EXERCISE INSTRUCTIONS »
Nothing but the lines from the one that holds "LANGXUN Universal Trampoline" through the end of the material should be repeated, each exactly as it stands, and pictures stay out.

RAW DATA »

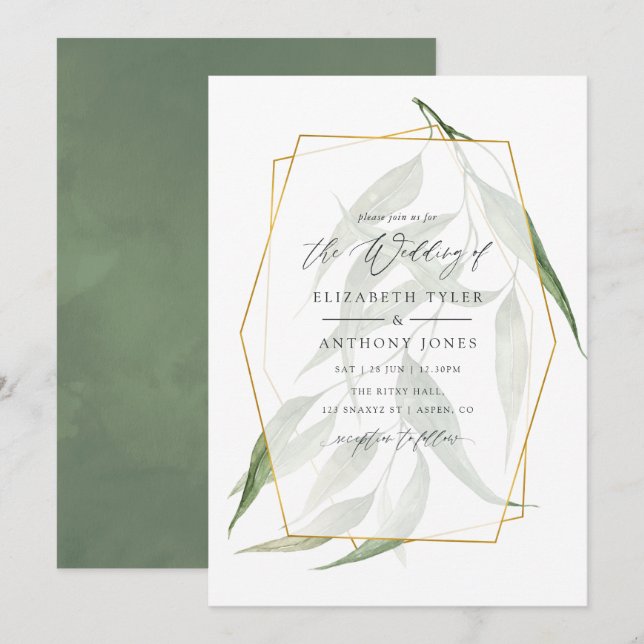 Watercolor Forest Herbarium Geometric Wedding Invitation (Front/Back)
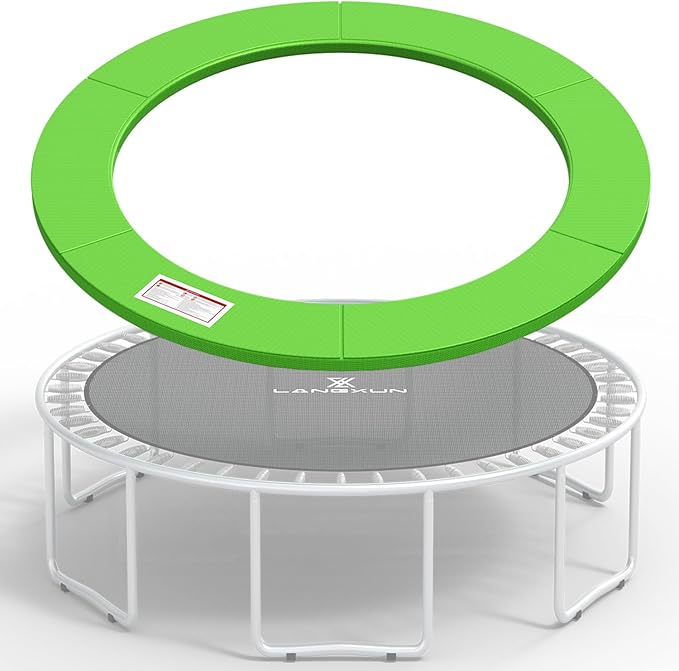 LANGXUN Universal Trampoline Repalcement Safety Pad, 8ft 10ft 12ft 14ft 15ft 16ft Waterproof Surround Spring Foam Cover for Round Frame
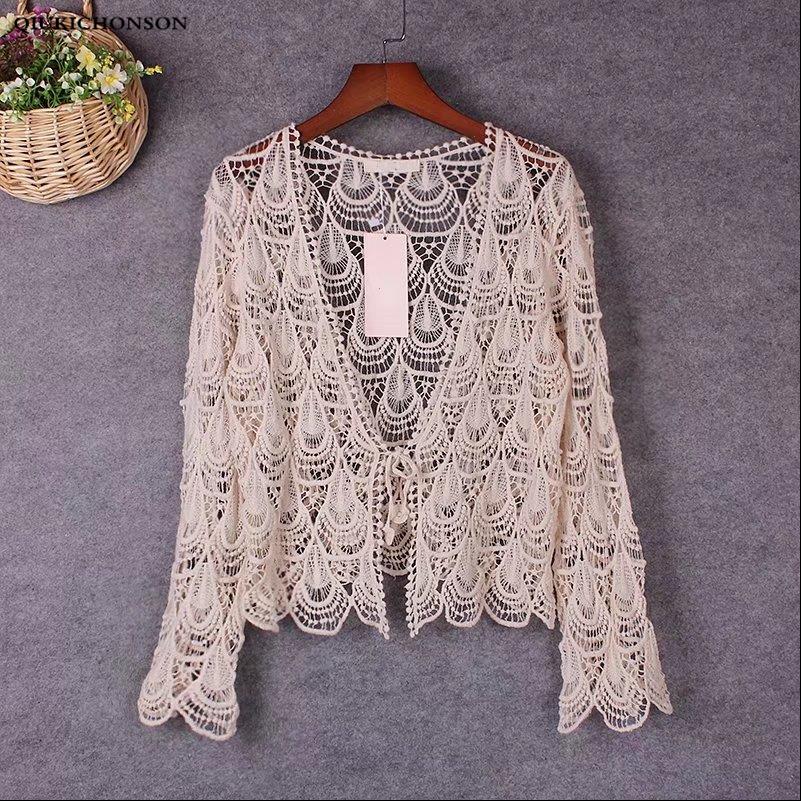Spring Summer Women Shirt Hollow Out Phoenix Flower Crochet Lace Cardigan Seven Sleeve Bohemian Crop Tops Ladies Blouses femme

SOLUTION TO THIS PROBLEM »
 LANGXUN Universal Trampoline Repalcement Safety Pad, 8ft 10ft 12ft 14ft 15ft 16ft Waterproof Surround Spring Foam Cover for Round Frame
Spring Summer Women Shirt Hollow Out Phoenix Flower Crochet Lace Cardigan Seven Sleeve Bohemian Crop Tops Ladies Blouses femme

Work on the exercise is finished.